In a recent article in Critical Inquiry, N. Katherine Hayles formulates an understanding of particular kinds of technological support as ‘cognitive assemblages’ (sort of following Deleuze & Guattari*). She takes as her particular case study the advent of swarming, quasi-autonomous UAVs/drones and their use in warfare. The final paragraph of the piece is interesting but, for me, raises as many questions as it seeks to answer:

Language, human sociality, somatic responses, and technological adaptations, along with emotion, are crucial to the formation of modern humans. Whether warfare should be added to the list may be controversial, but the twentieth and twenty-first centuries suggest that it will persist, albeit in modified forms. As the informational networks and feedback loops connecting us and our devices proliferate and deepen, we can no longer afford the illusion that consciousness alone steers our ships.
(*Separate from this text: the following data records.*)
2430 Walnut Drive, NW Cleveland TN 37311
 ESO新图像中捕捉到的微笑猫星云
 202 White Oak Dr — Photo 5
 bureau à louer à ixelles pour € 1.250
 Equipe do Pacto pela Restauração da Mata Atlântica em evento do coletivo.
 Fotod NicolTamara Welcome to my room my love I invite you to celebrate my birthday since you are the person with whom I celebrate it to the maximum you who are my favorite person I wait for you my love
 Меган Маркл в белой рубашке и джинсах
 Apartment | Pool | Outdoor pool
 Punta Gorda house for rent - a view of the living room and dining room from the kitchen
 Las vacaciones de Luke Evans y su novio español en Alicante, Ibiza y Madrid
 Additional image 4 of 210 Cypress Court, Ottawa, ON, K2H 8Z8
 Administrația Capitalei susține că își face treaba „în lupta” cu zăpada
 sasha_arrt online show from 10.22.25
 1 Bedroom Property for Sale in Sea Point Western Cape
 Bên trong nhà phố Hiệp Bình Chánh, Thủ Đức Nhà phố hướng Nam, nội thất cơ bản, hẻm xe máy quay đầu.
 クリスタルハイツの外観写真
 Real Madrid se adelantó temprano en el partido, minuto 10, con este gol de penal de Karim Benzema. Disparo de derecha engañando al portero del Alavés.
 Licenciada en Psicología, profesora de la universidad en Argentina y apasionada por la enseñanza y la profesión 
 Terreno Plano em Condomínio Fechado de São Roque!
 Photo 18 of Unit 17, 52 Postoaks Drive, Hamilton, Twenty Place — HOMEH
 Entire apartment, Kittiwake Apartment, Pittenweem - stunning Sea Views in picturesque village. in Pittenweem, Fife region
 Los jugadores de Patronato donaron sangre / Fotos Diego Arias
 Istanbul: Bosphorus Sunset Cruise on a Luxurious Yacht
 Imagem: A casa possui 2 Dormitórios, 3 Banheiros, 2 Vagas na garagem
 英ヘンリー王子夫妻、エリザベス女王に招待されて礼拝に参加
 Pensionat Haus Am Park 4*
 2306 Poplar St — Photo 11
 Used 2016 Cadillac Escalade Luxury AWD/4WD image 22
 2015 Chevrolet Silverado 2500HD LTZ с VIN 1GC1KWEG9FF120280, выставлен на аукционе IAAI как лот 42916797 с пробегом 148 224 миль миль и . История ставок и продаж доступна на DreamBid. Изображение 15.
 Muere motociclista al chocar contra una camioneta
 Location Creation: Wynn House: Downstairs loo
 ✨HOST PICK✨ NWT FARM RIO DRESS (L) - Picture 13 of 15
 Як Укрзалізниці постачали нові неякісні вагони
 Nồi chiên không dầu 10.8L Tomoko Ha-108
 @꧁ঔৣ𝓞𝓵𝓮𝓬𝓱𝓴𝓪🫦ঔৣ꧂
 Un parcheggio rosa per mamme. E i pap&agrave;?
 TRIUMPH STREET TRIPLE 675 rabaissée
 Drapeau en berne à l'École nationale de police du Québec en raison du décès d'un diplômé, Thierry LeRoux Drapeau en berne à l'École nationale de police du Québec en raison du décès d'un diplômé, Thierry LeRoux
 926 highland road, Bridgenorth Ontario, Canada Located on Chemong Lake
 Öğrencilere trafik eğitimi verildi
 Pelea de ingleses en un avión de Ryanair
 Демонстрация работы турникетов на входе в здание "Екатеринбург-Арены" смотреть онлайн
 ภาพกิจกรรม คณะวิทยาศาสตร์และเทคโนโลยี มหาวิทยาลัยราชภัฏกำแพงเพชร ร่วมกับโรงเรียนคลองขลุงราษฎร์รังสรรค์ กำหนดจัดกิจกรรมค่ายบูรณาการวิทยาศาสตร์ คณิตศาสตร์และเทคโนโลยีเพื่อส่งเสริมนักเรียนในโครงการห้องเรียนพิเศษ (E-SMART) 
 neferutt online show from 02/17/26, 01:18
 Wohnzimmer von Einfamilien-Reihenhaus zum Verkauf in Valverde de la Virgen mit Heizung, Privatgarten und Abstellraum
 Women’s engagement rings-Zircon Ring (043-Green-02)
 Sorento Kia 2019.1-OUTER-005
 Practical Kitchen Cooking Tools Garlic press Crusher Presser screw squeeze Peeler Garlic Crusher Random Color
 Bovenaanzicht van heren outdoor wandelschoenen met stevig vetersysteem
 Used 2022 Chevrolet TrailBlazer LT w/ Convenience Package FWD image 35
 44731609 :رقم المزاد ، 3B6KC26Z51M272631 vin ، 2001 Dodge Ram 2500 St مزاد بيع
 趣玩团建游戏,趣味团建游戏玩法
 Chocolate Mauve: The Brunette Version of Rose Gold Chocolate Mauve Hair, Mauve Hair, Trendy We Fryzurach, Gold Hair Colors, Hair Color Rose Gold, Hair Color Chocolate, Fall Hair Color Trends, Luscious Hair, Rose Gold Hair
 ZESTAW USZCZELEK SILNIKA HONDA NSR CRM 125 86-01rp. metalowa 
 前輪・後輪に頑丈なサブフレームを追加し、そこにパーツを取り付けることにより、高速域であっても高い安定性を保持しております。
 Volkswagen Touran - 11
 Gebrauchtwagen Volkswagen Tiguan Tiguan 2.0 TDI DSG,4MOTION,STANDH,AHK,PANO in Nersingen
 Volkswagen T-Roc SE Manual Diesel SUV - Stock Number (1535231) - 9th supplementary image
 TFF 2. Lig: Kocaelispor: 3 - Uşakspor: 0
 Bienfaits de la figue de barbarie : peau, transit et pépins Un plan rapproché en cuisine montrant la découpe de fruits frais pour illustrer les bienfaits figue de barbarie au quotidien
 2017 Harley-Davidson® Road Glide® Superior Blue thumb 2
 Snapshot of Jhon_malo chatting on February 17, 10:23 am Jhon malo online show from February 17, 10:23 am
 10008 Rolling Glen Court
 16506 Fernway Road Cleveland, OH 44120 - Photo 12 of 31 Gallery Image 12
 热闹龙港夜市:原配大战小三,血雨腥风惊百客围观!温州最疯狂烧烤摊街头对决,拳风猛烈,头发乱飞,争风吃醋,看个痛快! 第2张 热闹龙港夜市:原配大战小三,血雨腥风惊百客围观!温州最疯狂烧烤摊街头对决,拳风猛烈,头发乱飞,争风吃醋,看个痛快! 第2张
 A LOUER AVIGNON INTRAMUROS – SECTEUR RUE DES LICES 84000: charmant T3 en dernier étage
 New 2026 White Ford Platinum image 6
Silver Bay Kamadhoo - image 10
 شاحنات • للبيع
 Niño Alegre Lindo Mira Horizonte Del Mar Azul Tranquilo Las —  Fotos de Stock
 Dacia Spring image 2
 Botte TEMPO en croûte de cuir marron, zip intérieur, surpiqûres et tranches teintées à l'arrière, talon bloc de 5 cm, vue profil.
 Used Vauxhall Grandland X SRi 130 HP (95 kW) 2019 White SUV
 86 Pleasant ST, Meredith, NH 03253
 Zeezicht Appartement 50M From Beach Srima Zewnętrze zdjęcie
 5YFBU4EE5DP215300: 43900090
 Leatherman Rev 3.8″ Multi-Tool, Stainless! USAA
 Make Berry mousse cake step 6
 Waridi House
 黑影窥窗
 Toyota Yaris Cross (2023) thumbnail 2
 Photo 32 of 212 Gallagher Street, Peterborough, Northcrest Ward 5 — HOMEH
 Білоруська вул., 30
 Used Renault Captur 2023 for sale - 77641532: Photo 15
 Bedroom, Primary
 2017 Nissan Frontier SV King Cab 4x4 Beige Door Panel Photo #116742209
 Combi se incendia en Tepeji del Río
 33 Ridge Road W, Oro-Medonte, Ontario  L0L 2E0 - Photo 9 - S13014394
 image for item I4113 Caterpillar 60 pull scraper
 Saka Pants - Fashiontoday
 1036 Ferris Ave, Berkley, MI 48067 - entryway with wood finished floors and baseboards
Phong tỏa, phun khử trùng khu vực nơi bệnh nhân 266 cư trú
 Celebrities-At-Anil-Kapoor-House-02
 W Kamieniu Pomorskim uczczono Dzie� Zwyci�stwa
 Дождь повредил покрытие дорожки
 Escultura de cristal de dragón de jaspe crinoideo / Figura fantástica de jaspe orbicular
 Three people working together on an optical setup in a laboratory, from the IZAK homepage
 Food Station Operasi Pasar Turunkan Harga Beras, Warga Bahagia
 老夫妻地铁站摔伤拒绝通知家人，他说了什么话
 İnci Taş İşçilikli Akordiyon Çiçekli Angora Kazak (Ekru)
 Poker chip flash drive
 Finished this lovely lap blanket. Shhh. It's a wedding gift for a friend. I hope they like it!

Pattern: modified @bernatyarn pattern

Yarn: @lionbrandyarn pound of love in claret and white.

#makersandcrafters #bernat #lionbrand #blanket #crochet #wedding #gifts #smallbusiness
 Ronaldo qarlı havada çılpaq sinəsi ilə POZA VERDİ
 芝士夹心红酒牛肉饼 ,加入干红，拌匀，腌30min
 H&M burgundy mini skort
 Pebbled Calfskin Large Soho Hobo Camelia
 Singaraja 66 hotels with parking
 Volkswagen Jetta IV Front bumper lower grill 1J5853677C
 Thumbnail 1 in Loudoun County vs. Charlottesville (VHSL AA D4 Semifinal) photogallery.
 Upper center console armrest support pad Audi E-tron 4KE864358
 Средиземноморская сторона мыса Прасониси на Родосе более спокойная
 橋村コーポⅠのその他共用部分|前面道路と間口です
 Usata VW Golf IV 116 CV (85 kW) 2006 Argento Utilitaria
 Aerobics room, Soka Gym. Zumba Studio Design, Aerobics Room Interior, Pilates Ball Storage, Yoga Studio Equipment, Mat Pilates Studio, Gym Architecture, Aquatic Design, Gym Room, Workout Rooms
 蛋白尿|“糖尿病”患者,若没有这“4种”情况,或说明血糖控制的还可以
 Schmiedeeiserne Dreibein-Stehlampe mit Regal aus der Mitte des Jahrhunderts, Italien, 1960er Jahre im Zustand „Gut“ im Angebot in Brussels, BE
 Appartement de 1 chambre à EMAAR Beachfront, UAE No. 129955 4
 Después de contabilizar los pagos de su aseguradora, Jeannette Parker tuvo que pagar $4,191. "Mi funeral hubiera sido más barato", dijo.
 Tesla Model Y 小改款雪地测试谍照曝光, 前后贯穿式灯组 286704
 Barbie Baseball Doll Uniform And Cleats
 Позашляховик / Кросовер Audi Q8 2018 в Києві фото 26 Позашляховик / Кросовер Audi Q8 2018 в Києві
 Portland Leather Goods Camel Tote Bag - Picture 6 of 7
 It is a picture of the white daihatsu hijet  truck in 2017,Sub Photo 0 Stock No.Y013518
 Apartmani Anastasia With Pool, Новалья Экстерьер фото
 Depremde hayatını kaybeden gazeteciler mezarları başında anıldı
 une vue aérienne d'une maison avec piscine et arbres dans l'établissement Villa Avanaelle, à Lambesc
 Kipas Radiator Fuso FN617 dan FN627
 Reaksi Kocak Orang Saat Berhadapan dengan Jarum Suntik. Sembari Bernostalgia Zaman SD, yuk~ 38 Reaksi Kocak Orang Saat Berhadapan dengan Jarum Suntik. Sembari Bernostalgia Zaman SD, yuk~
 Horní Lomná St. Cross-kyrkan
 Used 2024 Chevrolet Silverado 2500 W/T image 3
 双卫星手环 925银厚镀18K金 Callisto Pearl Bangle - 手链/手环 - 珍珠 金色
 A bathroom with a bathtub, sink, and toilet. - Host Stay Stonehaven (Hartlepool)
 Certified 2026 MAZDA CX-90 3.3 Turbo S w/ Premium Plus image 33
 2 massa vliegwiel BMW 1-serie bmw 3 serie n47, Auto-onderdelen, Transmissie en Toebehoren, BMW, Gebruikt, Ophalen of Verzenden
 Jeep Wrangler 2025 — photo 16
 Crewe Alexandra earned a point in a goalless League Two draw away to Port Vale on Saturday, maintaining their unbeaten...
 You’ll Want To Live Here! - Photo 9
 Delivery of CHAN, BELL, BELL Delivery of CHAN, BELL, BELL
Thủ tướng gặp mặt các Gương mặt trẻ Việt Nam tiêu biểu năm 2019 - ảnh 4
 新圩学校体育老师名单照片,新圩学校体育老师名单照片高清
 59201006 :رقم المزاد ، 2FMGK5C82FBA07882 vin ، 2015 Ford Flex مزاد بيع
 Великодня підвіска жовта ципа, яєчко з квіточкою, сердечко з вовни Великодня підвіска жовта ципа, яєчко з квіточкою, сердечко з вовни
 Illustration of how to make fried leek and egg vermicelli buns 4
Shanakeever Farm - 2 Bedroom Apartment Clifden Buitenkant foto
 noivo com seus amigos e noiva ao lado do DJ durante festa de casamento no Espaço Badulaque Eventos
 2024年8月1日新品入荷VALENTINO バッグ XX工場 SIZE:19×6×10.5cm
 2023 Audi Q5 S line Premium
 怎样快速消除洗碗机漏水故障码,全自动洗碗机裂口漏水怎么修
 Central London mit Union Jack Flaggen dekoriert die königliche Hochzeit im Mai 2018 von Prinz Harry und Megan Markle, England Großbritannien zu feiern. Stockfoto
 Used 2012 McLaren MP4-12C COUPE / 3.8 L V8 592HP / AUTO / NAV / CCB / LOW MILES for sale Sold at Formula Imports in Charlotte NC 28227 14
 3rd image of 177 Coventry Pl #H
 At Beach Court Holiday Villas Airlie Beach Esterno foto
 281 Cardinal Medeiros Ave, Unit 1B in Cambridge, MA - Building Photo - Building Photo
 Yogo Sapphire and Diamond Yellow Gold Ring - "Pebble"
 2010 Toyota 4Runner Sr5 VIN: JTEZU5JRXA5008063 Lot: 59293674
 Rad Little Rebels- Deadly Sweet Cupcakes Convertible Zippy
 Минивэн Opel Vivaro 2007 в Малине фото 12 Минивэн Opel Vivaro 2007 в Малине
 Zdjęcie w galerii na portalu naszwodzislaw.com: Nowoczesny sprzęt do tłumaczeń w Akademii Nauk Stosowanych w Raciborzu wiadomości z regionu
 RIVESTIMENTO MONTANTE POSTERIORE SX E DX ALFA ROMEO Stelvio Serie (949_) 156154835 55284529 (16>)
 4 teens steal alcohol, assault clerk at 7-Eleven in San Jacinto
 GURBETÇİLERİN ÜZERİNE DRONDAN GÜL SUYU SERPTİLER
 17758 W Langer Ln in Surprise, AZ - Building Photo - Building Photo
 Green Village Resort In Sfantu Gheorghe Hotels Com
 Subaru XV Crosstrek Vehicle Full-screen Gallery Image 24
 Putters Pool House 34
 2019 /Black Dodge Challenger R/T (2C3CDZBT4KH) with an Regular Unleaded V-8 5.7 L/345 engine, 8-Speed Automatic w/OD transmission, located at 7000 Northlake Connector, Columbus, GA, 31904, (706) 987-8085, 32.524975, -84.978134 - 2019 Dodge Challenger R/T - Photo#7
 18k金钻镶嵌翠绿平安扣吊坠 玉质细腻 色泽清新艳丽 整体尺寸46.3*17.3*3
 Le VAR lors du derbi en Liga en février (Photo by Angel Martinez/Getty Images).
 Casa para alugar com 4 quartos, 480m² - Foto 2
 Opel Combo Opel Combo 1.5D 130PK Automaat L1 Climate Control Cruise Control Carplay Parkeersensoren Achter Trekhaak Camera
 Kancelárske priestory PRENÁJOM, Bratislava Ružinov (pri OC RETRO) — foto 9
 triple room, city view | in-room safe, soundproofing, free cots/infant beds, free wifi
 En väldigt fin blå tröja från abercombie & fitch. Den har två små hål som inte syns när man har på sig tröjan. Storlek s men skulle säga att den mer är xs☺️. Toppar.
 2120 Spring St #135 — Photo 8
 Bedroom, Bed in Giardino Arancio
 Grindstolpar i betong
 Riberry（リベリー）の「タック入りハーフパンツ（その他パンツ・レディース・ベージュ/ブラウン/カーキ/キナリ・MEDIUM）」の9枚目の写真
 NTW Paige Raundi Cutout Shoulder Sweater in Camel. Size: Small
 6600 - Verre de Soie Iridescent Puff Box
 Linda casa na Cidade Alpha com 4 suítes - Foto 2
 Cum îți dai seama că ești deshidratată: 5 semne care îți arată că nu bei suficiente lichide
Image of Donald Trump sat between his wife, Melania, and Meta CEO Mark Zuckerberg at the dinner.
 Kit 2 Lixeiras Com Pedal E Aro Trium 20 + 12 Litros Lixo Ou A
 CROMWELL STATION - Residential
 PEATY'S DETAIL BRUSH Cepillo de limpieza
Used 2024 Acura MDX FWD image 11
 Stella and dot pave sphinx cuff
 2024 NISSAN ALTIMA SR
How should we reimagine contemporary cognitive ecologies so that they become life enhancing rather than aimed toward dysfunctionality and death for humans and nonhumans alike? Recognizing the role played by non conscious cognitions in human/technical hybrids and conceptualizing them as cognitive assemblages is of course not a complete answer, but it is a necessary component. We need to recognize that when we design, implement, and extend technical cognitive systems, we are partially designing ourselves. We must take care accordingly. More accurate and encompassing views of how our cognitions enmesh with technical systems and those of other life forms will enable better designs, humbler perceptions of human roles in planetary cognitive ecologies, and more life-affirming practices as we move toward a future in which technical agency and autonomy become increasingly intrinsic to human complex systems.

(Hayles, 2016: 55)

A couple of immediate questions pop out for me:

  1. Could you get designers of UAVs to factor in affective responses without reducing them to something like galvanic skin response or another quantifiable measure (which Hayles critiques in relation to MIT Prof. Sandy Pentland’s proselytisation of a ‘sociometer‘)?
  2. What is meant by “accuracy” in that final sentence?! How might we qualify the idea of “better” designs? This seems to assert a kind of ethics (and maybe aesthetics) antithetical to the institutions and companies that make military equipment – by not addressing this, there seems to me to be a risk of simply making naive assertions.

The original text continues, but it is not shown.